Un’esplorazione su come la ricerca affronta le nuove sfide. Parteciperanno:

  • Dr.ssa Virginie Baudais (SIPRI, Francia) – Esperta di Sahel e Africa occidentale.
  • Boukary Sangaré (The Carter Center, Mali) – Sociologo e coordinatore per la pace.
  • Dr.ssa Shreya Parikh (Sciences Po / UNC Chapel Hill, India) – Sociologa delle questioni razziali e migratorie.
  • Prof. Dr. Gilles Favarel-Garrigues (Sciences Po, Francia) – Esperto di repressione.

Panel 2: Il Giornalismo in Tempi di Crisi

Moderato da Dr. Marko Milosavljević (FDV, Slovenia), il panel discuterà il ruolo cruciale dell’informazione. Tra i relatori:

  • Caroline Chauvet Abalo (TV5 Monde, Francia) – Corrispondente per l’Africa centrale e il Togo.
  • Prof. Dr. Laurent Gayer (Sciences Po, Francia) – Politologo e autore.

Panel 3: Società Civile e Lotta per i Diritti

Moderato da Kristina Božič (Slovenia), questo incontro porterà testimonianze dirette di resistenza non violenta e lotta per la democrazia, con:

  • Mathieu Pourchier (Tournons La Page, Francia) – Attivista per la democrazia.
  • Daniil Beilinson (OVD-Info, Russia) – Ricercatore sulla repressione.
  • Siniša Šikman (CANVAS, Serbia) – Stratega della resistenza non violenta.

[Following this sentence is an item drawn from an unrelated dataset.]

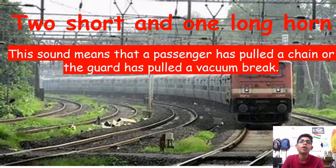Two short and one long horn: this sound means that a passenger has pulled the chain and the guard has applied the vacuum brake. It signals that the train has stopped due to a chain pull.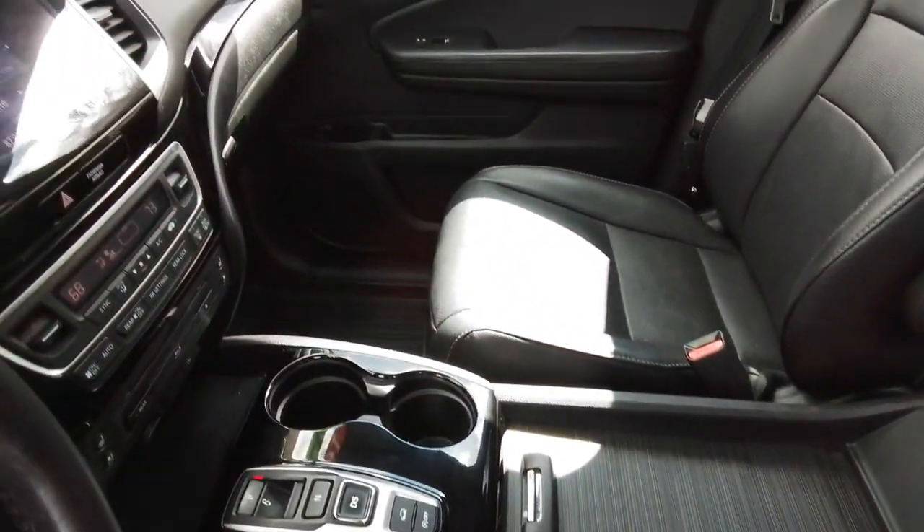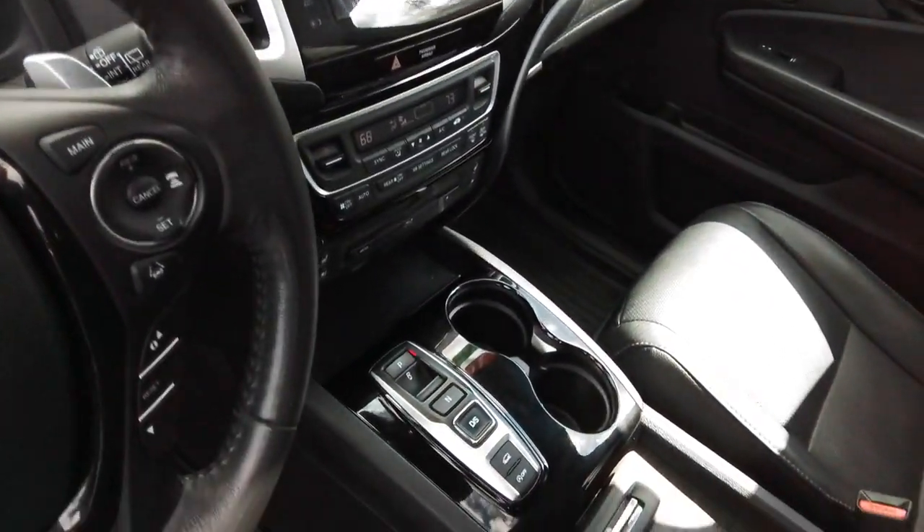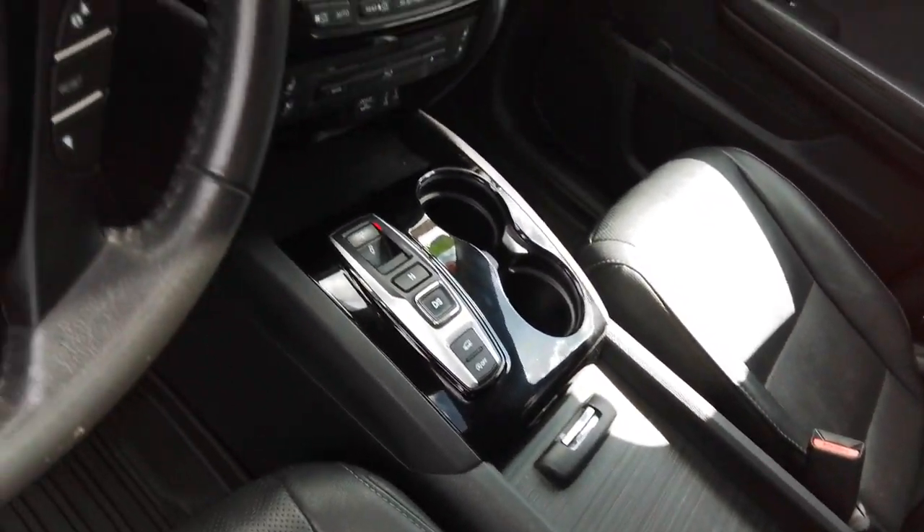Enjoy the feeling of confidence you'll have on every road trip in this comfortable and capable Honda Pilot. Come in for a test drive today.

Eventi collaterali e informazioni utili

Il Festival sarà arricchito da eventi collaterali, tra cui una mostra fotografica itinerante curata da CERI–Sciences Po, che offrirà riflessioni visive dal lavoro di ricerca sul campo.

L’iniziativa è organizzata in collaborazione con il Bled Strategic Forum ed è sostenuta dall’Ambasciata di Francia in Slovenia e dall’Istituto Francese, a sottolineare l’obiettivo di promuovere il dialogo democratico.

L’evento si svolge a Nova Gorica ed è a ingresso gratuito, senza quota di iscrizione. Un’occasione imperdibile per confrontarsi con le realtà concrete della governance, della resistenza e del dissenso nel mondo.